In their excellent SLO-workshop at SRECon2018 (programLiz Fong-Jones, Kristina Bennett and Stephen Thorne (Google) presented some best practice examples for Latency SLI/SLOs. At Circonus we care deeply about measuring latency and SRE techniques such as SLI/SLOs. For example, we recently produced A Guide to Service Level Objectives. As we will explain here, Latency SLOs are particularly delicate to implement and benefit from having Histogram-data available to understand distributions and adjust SLO targets.

Latency SLOs

Here the key definitions regarding Latency SLOs from the Workshop Handout (pdf).

Latency SLI

The suggested specification for a request/response Latency SLI is:

The proportion of valid requests served faster than a threshold.

Turning this specification into an implementation requires making two choices: which of the requests this system serves are valid for the SLI, and that threshold marks the difference between requests that are fast enough and those that are not?

Latency SLO

99% of home page requests in the past 28 days served in < 100ms.

Latency Metrics

Latency is typically measured with percentile metrics like these, which were presented for a similar use case:

Given this data, what can we say about the SLO?

What is the p90 computed over the full 28 days?

It’s very tempting to take the average of the p90 metric which is displayed in the graph, which would be just below the 500ms mark.
It’s important to note, and it was correctly pointed out during the session, that this is not generally true. There is no mathematical way determine the 28 day-percentile from the series of 1h(?)-percentiles that are shown in the above graphs (reddit, blog, math). You need to look at different metrics if you want to implement a latency SLO. In this post we will discuss three different methods how to do this correctly.

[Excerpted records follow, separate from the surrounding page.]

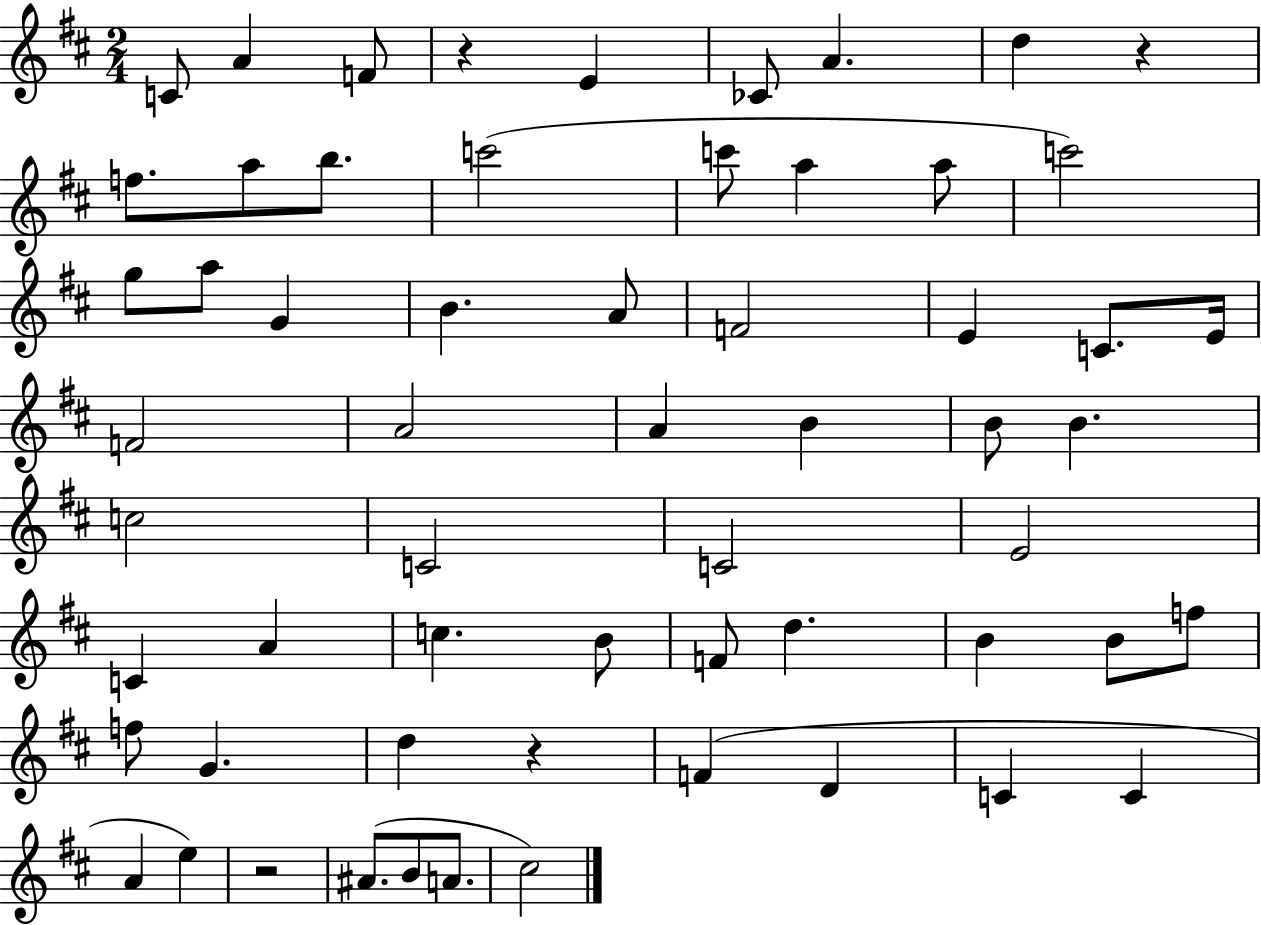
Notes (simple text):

C4/e A4/q F4/e R/q E4/q CES4/e A4/q. D5/q R/q F5/e. A5/e B5/e. C6/h C6/e A5/q A5/e C6/h G5/e A5/e G4/q B4/q. A4/e F4/h E4/q C4/e. E4/s F4/h A4/h A4/q B4/q B4/e B4/q. C5/h C4/h C4/h E4/h C4/q A4/q C5/q. B4/e F4/e D5/q. B4/q B4/e F5/e F5/e G4/q. D5/q R/q F4/q D4/q C4/q C4/q A4/q E5/q R/h A#4/e. B4/e A4/e. C#5/h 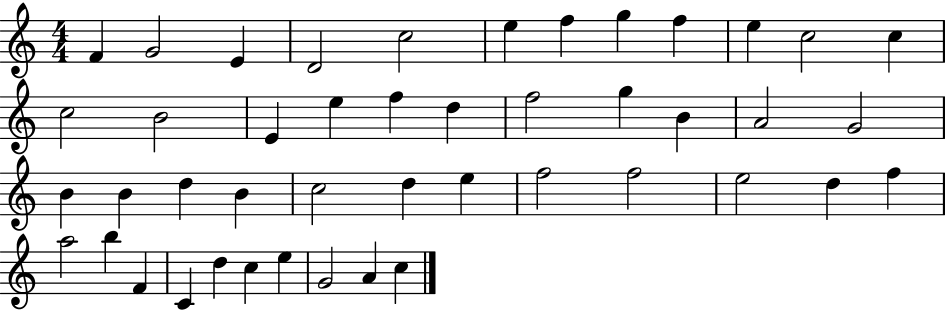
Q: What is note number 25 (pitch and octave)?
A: B4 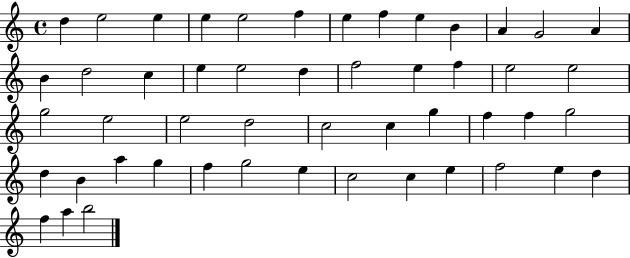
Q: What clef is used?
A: treble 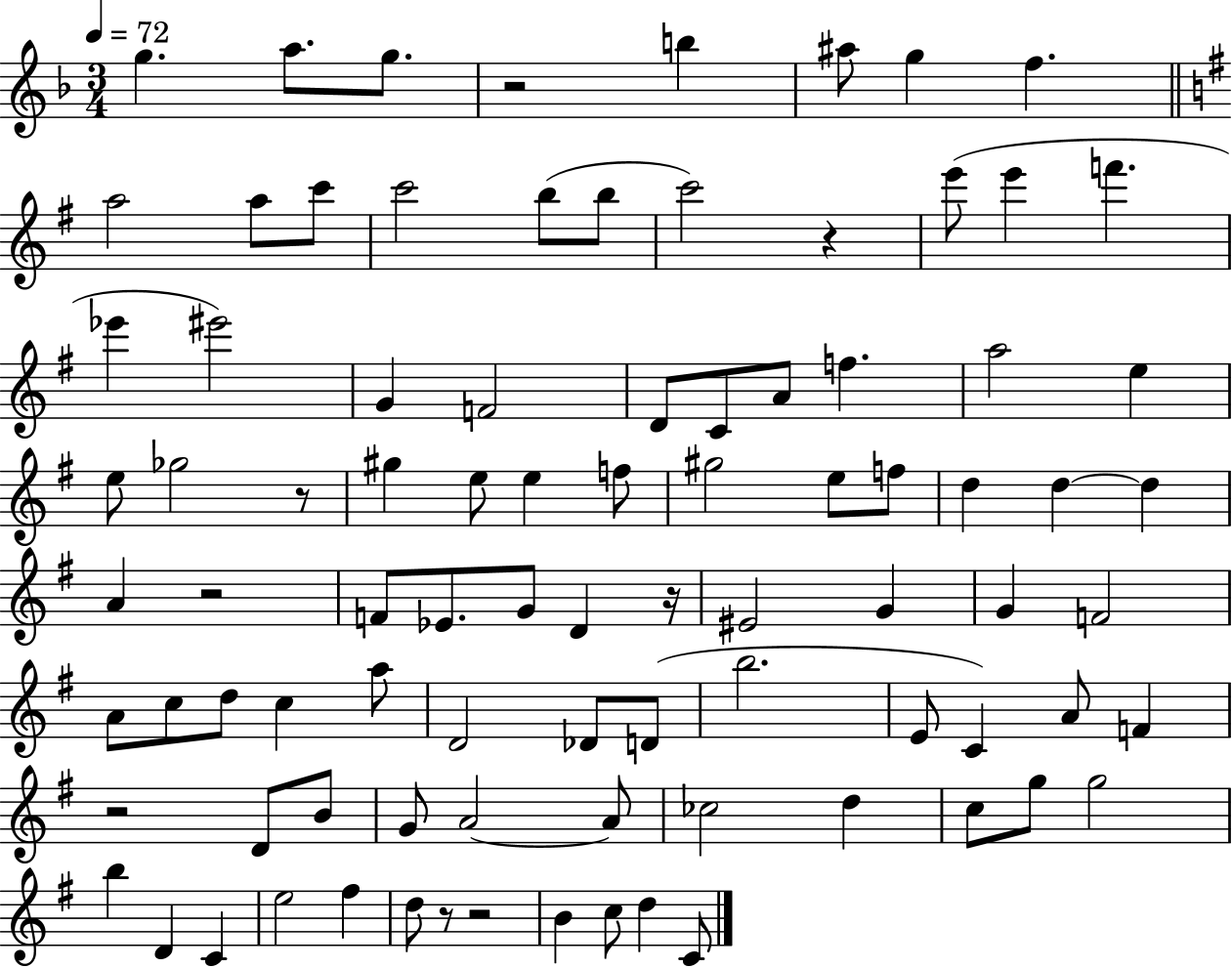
G5/q. A5/e. G5/e. R/h B5/q A#5/e G5/q F5/q. A5/h A5/e C6/e C6/h B5/e B5/e C6/h R/q E6/e E6/q F6/q. Eb6/q EIS6/h G4/q F4/h D4/e C4/e A4/e F5/q. A5/h E5/q E5/e Gb5/h R/e G#5/q E5/e E5/q F5/e G#5/h E5/e F5/e D5/q D5/q D5/q A4/q R/h F4/e Eb4/e. G4/e D4/q R/s EIS4/h G4/q G4/q F4/h A4/e C5/e D5/e C5/q A5/e D4/h Db4/e D4/e B5/h. E4/e C4/q A4/e F4/q R/h D4/e B4/e G4/e A4/h A4/e CES5/h D5/q C5/e G5/e G5/h B5/q D4/q C4/q E5/h F#5/q D5/e R/e R/h B4/q C5/e D5/q C4/e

Latency metrics in the wild

In the example above the error of averaging percentiles might not actually be that dramatic. The system seems to be very well-behaved with a high constant load. In this situation the average p90/1h is typically close to the total p90/28 days.
Let’s take a look at another API, from a less loaded system. This API handles very few requests between 2:00am and 4:00am:

What’s the true p90 over the 6h drawn on the graph? Is it above or below 30ms?
The average p90/1M (36.28ms) looks far less appealing than before.

Computing Latency SLOs

So how to better compute latency? There are three ways to go about this:

  1. Compute the SLO from stored raw data (logs)
  2. Count the number of bad requests in a separate metric
  3. Use histograms to store latency distribution.

Method 1: Using Raw/Log data

Storing access logs with latency data gives you accurate results. The drawback with this approach is that you must keep your logs over long periods of time (28 hrefdays) which can be costly.

Method 2: Counting bad requests

For the first case, instrument the application to count the number of requests that violated the threshold. The resulting metrics will look like this:

Percent good = 100 - (2262/60124)*100 = 96.238%
Percent good = 100 – (2262/60124)*100 = 96.238%

Using this metrics we see that 96% of our requests over the past 6h were faster than 30ms. Our SLO stated, that 90% of the requests should be good, so that objective was met.

The drawback of this approach is that you have to choose the latency threshold upfront. There is no way to calculate the percentage of requests that were faster than, say, 200ms from the recorded data.

If your SLO changes, you will need to change the executable or the service configuration to count requests above a different threshold.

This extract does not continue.